In general, most incoming faculty will purchase themselves a desktop (usually a Dell Optiplex unless you plan to do GPU processing) for their office (along w/ a pair of nice higher end LCDs), a B/W printer (not required, but pretty standard -- believe our current model is the HP LaserJet 404dn) as we have large enterprise color printers when needed in central locations (for you, we'll need to figure out the cluster printing situation), and a laptop. Laptops tend to be where we have more variety -- Dell, Apple, Lenovo, Surface -- with each prof deciding if they prefer light or more powerful, 12" or 15", etc.

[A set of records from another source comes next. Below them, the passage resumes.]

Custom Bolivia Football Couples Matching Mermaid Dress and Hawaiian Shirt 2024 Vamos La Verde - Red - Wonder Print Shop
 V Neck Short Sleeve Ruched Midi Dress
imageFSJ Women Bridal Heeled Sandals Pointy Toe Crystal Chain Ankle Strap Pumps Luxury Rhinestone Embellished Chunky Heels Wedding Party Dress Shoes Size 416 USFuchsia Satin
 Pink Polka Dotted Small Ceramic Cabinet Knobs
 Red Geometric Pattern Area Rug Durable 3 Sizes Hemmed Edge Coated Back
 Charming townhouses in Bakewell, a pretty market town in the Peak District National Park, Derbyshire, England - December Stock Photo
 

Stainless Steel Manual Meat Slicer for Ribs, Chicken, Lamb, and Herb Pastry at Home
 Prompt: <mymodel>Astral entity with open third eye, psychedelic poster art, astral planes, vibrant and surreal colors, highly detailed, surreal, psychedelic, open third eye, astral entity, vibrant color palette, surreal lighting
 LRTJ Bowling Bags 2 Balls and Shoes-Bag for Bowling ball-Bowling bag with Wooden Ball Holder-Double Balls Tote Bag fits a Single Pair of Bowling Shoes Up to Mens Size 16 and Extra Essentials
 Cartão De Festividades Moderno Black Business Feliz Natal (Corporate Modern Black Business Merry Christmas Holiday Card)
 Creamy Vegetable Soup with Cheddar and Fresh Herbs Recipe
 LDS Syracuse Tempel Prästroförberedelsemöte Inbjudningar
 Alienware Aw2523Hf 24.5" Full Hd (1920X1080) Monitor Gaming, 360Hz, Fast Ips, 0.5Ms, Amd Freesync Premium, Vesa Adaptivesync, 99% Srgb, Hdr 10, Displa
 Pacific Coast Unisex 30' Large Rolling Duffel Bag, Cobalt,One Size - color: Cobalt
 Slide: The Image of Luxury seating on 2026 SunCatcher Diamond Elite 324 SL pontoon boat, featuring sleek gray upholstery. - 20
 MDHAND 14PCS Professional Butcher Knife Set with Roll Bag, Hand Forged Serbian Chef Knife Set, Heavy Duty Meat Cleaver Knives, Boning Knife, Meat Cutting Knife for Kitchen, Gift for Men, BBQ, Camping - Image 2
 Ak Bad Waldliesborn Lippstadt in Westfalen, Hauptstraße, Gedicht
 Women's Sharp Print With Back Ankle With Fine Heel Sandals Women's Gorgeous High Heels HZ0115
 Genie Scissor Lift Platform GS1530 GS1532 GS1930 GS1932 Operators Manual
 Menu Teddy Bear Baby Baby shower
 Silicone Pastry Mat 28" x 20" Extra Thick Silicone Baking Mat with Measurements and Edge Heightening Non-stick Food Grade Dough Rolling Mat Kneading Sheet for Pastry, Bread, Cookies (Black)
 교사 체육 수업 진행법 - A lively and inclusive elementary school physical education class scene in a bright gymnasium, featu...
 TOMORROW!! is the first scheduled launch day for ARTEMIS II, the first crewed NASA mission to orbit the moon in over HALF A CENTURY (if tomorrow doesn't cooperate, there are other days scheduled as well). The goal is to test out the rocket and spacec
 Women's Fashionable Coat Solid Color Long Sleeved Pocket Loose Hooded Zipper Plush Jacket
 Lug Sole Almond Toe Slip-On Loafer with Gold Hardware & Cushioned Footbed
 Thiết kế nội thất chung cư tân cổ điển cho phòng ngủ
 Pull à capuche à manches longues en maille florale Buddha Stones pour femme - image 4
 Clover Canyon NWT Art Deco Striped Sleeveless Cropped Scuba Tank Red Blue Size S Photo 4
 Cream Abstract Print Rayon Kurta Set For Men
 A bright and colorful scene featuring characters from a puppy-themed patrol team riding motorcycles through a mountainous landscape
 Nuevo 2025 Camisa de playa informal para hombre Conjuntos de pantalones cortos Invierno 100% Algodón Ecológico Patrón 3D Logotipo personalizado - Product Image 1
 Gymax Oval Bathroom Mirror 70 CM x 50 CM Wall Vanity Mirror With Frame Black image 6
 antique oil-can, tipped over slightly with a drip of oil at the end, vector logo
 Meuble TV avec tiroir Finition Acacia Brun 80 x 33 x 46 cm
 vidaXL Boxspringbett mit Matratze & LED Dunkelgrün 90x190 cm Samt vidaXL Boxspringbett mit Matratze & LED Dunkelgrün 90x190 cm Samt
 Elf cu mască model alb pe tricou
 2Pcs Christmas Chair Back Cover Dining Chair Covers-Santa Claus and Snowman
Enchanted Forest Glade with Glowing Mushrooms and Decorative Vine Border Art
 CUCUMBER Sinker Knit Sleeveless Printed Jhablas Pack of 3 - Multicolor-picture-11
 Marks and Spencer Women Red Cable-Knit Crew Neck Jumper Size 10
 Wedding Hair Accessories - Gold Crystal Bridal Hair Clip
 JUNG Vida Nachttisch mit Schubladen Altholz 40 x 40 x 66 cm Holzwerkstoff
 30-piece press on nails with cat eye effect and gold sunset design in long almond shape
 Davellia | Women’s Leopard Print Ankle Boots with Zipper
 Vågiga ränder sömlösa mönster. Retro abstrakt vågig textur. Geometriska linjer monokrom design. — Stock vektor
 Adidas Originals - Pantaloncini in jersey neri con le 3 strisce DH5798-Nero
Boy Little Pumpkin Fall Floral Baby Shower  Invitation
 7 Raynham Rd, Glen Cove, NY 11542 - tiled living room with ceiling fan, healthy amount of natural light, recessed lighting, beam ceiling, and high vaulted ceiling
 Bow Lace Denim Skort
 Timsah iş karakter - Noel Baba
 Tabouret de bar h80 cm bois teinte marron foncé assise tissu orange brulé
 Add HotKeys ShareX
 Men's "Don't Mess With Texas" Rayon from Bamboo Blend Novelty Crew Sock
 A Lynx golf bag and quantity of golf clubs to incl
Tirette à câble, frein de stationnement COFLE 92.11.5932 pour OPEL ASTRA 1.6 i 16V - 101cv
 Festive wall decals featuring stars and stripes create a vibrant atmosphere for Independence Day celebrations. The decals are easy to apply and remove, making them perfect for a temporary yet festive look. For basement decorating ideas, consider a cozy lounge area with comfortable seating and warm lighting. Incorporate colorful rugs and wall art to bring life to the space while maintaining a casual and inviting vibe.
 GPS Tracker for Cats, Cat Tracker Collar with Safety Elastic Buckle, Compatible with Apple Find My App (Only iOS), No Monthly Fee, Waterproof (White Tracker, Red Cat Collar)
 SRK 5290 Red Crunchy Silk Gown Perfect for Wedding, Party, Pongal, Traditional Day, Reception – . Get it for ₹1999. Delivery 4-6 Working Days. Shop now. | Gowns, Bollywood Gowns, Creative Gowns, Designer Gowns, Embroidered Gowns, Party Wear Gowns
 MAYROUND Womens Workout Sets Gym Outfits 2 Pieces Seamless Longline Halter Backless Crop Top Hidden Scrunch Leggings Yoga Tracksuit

We have a couple profs who prefer to drop the office desktop in favor of just a highend laptop and docking station -- we recommend the office desktop for reliability, but it's your call.

I will note that we do not permit dual boot -- one OS per computer and we will only permit MacOS on Apple hardware.

Students can be provided a new desktop from your startup funds, or we can provide a free computer. We are constantly collecting older computers which we can provide for free to researchers for their students or for use in their labs -- some of these might be hand-me-downs from our teaching labs, or come from other departments entirely. With our scale, we're constantly trying to source free computers as faculty tend to purchase so few computers. These are usually going to be at least 5yrs old. But they're free. Most new research desktops will run you about $1200-$1500 these days (add $157 per each 23" standard LCD purchased -- and most of our students want dual LCDs). If you want your students to have GPUs in their systems, then double that starting price and go up from there as you add additional RAM, etc.

And I'll note that shipping times have gotten ridiculous during COVID -- we're looking at 2-4 months for some configurations.